Hello!
On Wed, Jan 29, 2014 at 1:46 AM, Vincent MADY wrote:
> I still have some connection errors (ressource
> temporarily unavailable)
It should be the EAGAIN error returned by connect() on the nginx side.
This happens when the backlog queue (or listening queue) on the Redis
side overflows.
Assuming you're on Linux, for stream-typed unix domain socket, the
connect() operation is asynchronous and almost always succeeds
immediately even though the other side has not done a corresponding
accept() yet.

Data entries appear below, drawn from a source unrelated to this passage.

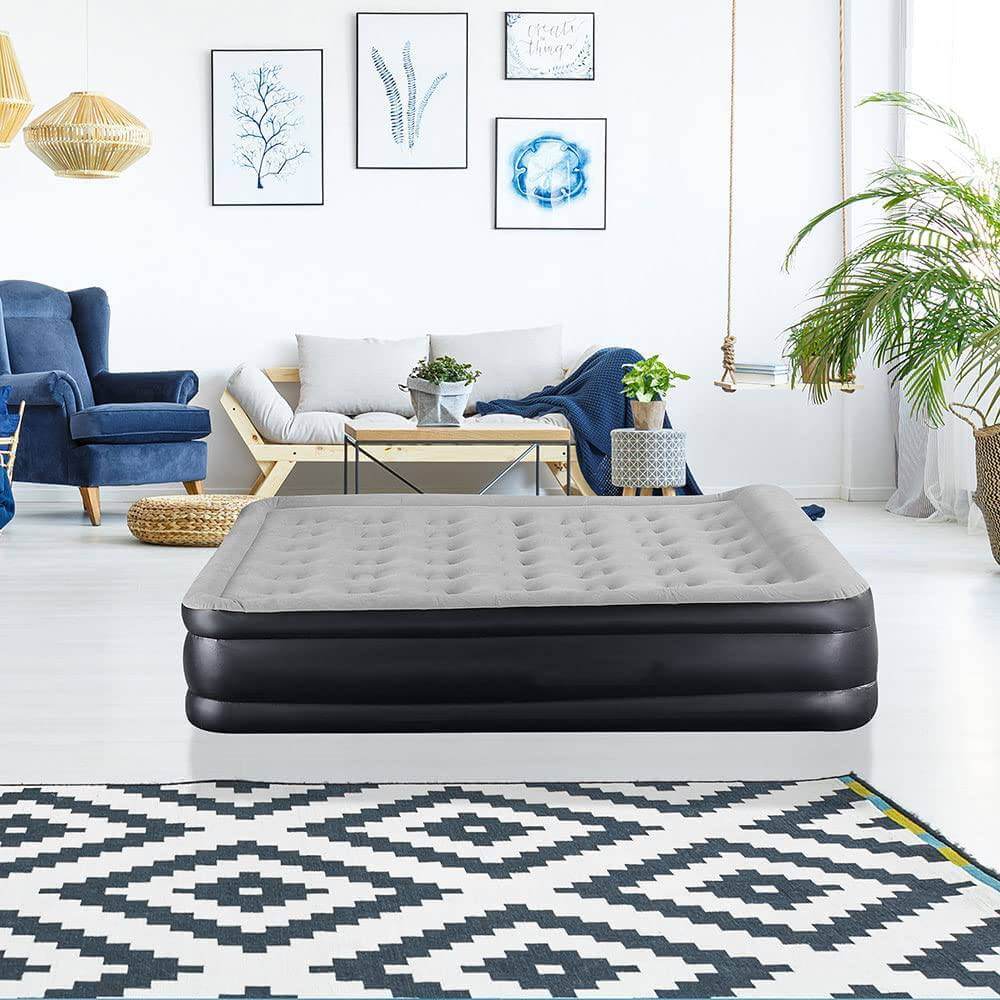 Queen High Raised Flocked Airbed Mattress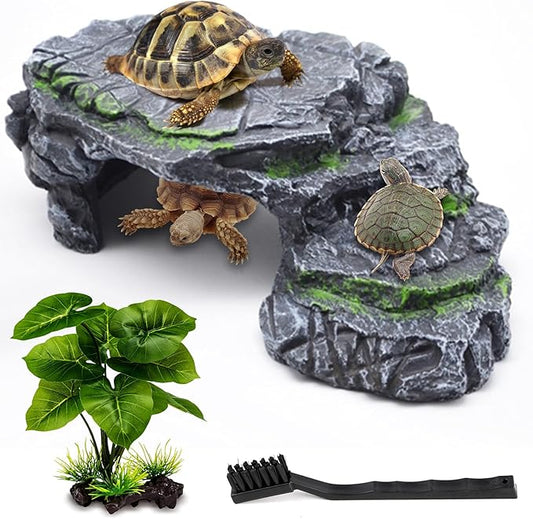 Turtle Basking Platform Kit, Reptile Habitat Hideout, Decorative Resin for Aquarium & Terrarium, Including Artificial Plant and Cleaning Brush. (A-Large-Black)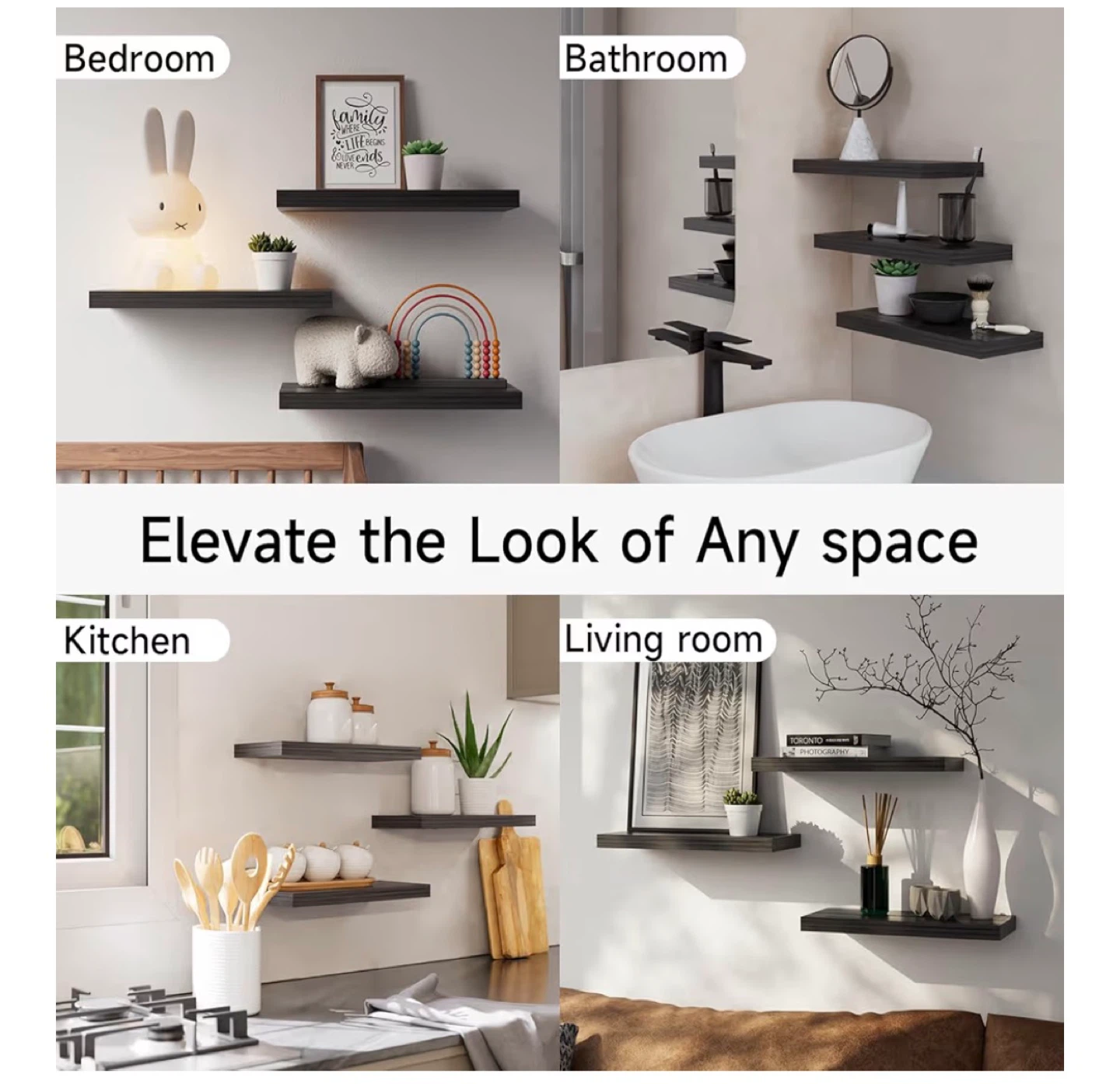 Set of 3 Black Floating Shelves - photo 3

So when the other side is not fast enough in doing
accept(), Redis's backlog queue can easily be filled up and yielding
the EAGAIN error on the client side (here, the Nginx side).
This can especially happen for your setup because
1. Your redis process has only 1 thread while your nginx has many
workers (i.e., many OS threads), so your redis will have fewer CPU
cycles from the kernel scheduler redis has the same process priority
and a fair scheduler is used.
2. The redis server hard-codes a really small backlog limit in its
source, that is, 511:
agentzh@w530 ~/work/redis-2.4.17 $ grep 511 -r src/
src/anet.c: if (listen(s, 511) == -1) { /* the magic 511
constant is from nginx */
For 1), if your redis server has not reached 100% CPU usage yet, then
you can consider increasing the process priority of your redis-server
process.
For 2), you can edit the C source of your redis server and increase
the 511 magic number in the listen() call to something bigger, like
2048.
If you redis server is already at (or close to) 100% CPU usage under
load, then you should really scale your redis backend to multiple
instances.
BTW, what are the exact CPU usage of your redis-server and nginx processes?
Also, you can try disabling the access_log on the nginx side to see if
it makes a difference.
And...what exact versions of ngx_lua and LuaJIT are you using? (or
just the version of ngx_openresty if you're using ngx_openresty).
If the Nginx processes are the bottleneck, you can sample an on-CPU
and an off-CPU flamegraph for a typical nginx worker under load:
https://github.com/agentzh/nginx-systemtap-toolkit#sample-bt
https://github.com/agentzh/nginx-systemtap-toolkit#sample-bt-off-cpu
By looking at the graphs, we will no longer have to guess for optimizations.
> Do you have an idea about the best settings for
> set_timeout and set_keepalive for this kind of high frequency architecture
> (my response should be 10ms max)
>
The EAGAIN error in connect() has nothing to do with these
configuration parameters.
Best regards,
-agentzh